• _What is required_: Output the records below verbatim, minus the pictures.

================

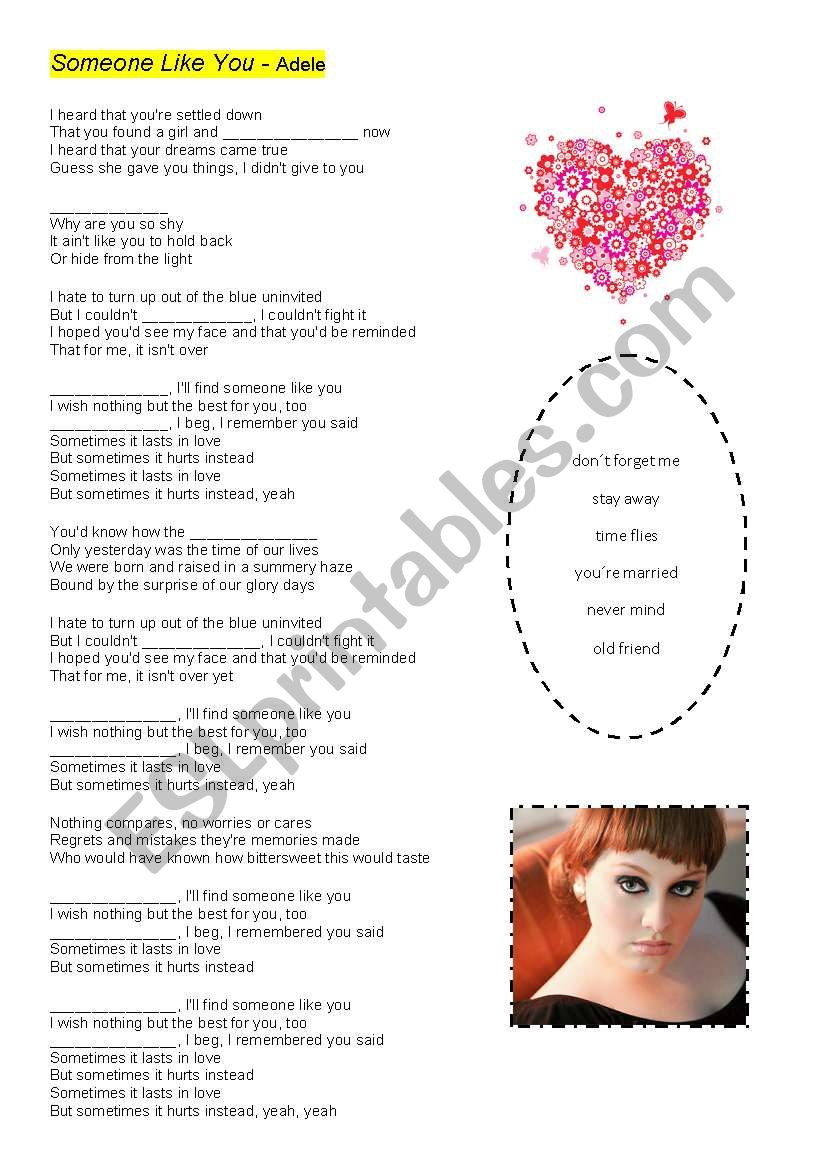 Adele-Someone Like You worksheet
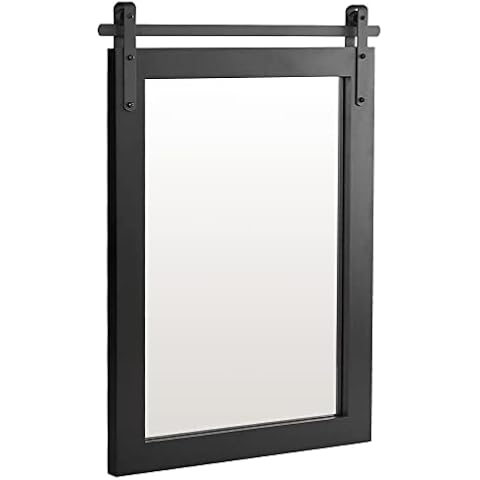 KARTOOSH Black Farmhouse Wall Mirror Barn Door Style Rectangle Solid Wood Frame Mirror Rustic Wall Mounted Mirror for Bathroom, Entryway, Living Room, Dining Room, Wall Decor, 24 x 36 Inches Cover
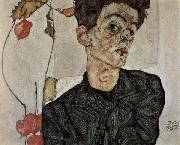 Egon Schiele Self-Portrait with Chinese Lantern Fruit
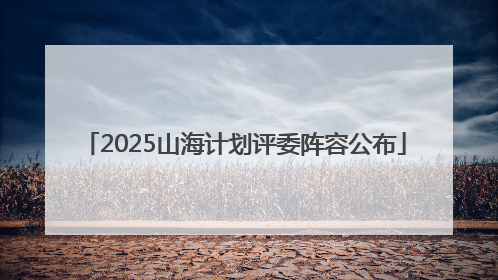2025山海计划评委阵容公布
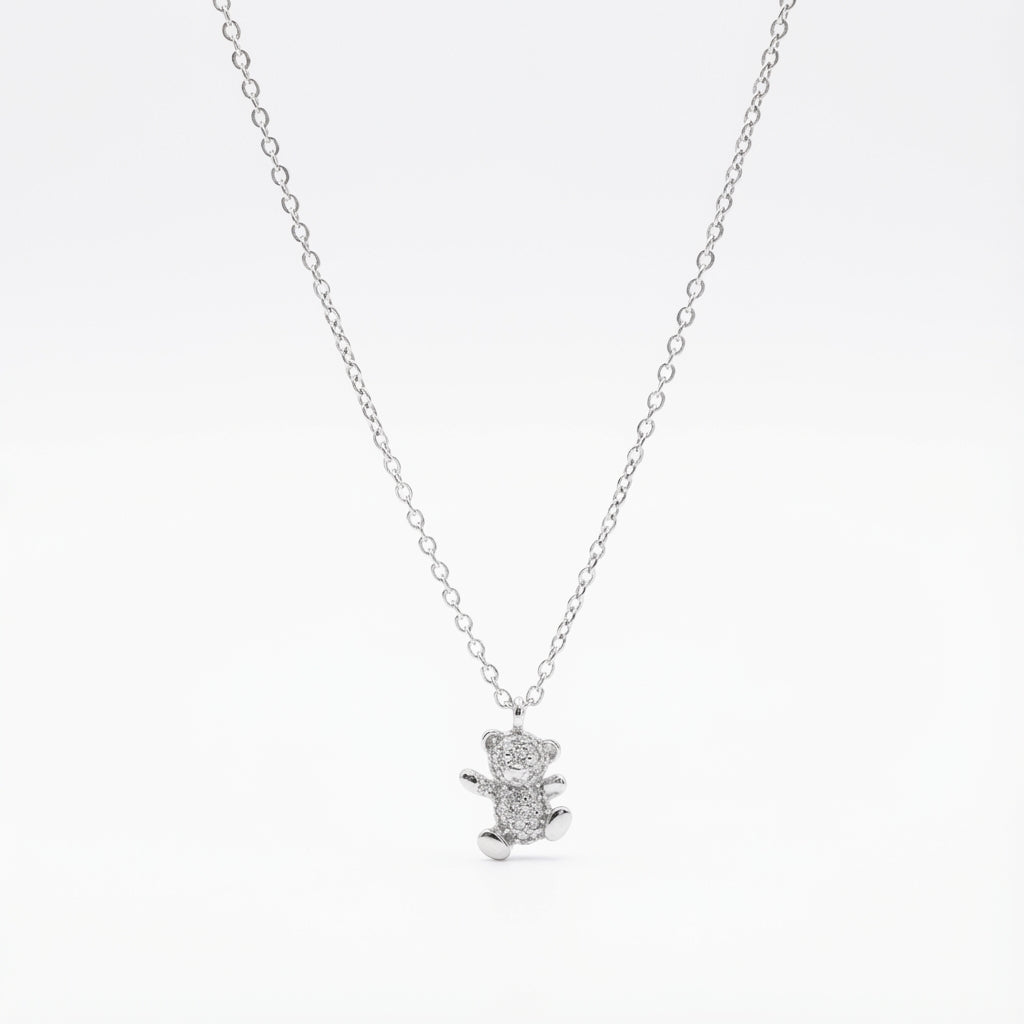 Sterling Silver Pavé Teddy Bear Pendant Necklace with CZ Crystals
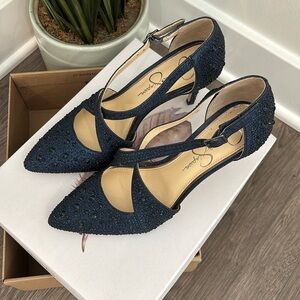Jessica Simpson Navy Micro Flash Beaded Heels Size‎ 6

================

• _Solution for this exercise_:
 Adele-Someone Like You worksheet
 KARTOOSH Black Farmhouse Wall Mirror Barn Door Style Rectangle Solid Wood Frame Mirror Rustic Wall Mounted Mirror for Bathroom, Entryway, Living Room, Dining Room, Wall Decor, 24 x 36 Inches Cover
 Egon Schiele Self-Portrait with Chinese Lantern Fruit
2025山海计划评委阵容公布
 Sterling Silver Pavé Teddy Bear Pendant Necklace with CZ Crystals
Jessica Simpson Navy Micro Flash Beaded Heels Size‎ 6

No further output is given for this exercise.